Give back every entry precisely as written, without any of the images.

■ ■ ■

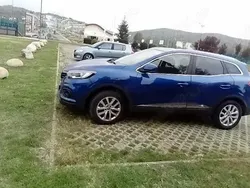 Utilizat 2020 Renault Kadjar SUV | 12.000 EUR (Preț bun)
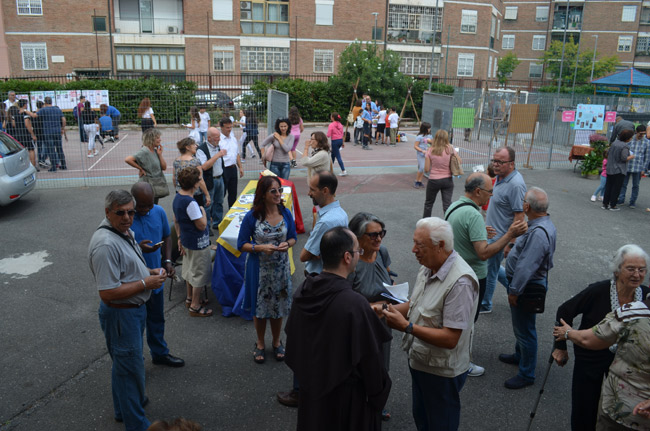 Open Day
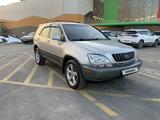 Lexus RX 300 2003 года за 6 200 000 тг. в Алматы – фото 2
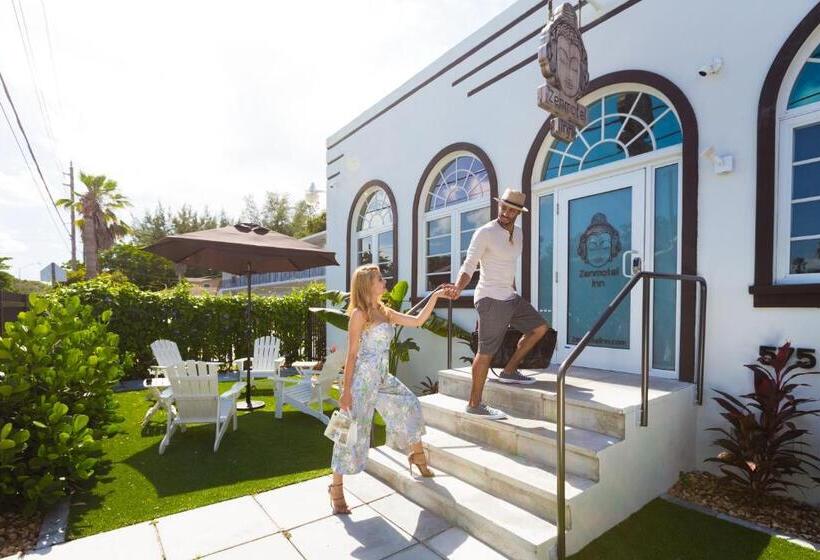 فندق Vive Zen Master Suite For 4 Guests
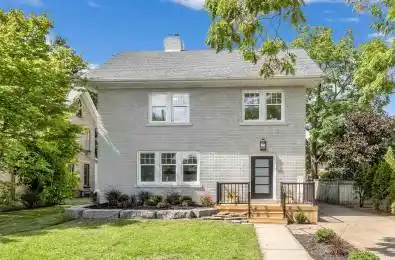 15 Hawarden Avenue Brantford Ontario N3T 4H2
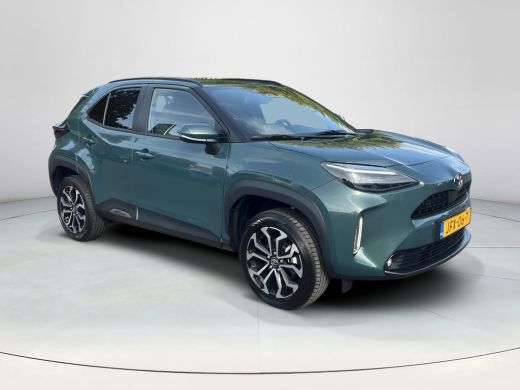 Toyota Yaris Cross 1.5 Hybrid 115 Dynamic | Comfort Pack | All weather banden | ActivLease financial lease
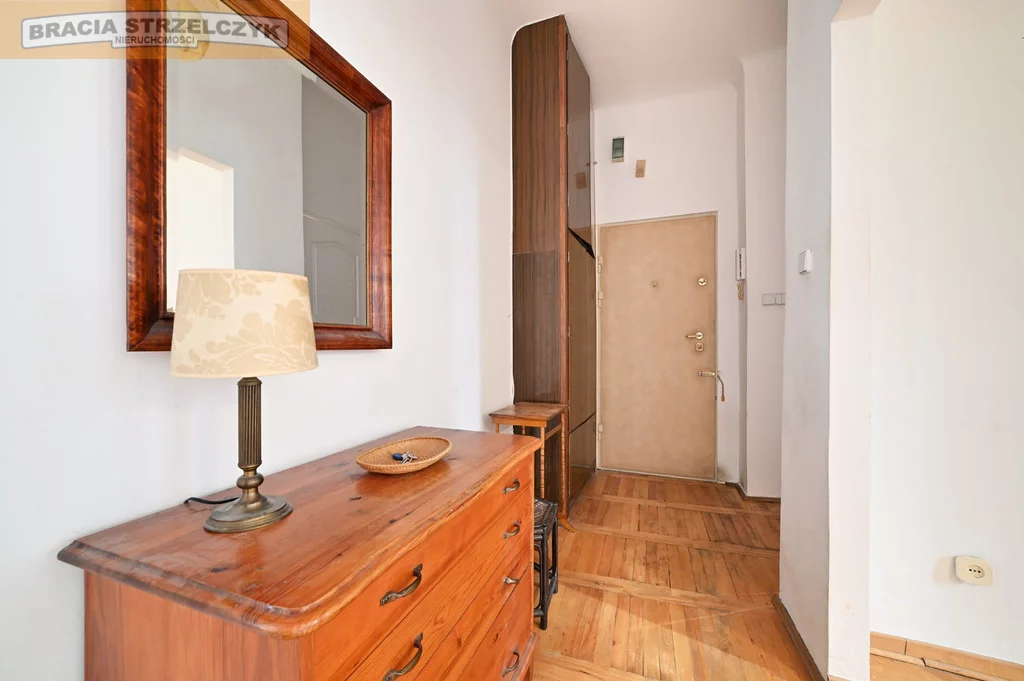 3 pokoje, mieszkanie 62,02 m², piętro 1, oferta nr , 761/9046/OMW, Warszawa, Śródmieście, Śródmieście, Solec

■ ■ ■

**Exercise response**
 Utilizat 2020 Renault Kadjar SUV | 12.000 EUR (Preț bun)
 Open Day
 Lexus RX 300 2003 года за 6 200 000 тг. в Алматы – фото 2
 فندق Vive Zen Master Suite For 4 Guests
 15 Hawarden Avenue Brantford Ontario N3T 4H2
 Toyota Yaris Cross 1.5 Hybrid 115 Dynamic | Comfort Pack | All weather banden | ActivLease financial lease
 3 pokoje, mieszkanie 62,02 m², piętro 1, oferta nr , 761/9046/OMW, Warszawa, Śródmieście, Śródmieście, Solec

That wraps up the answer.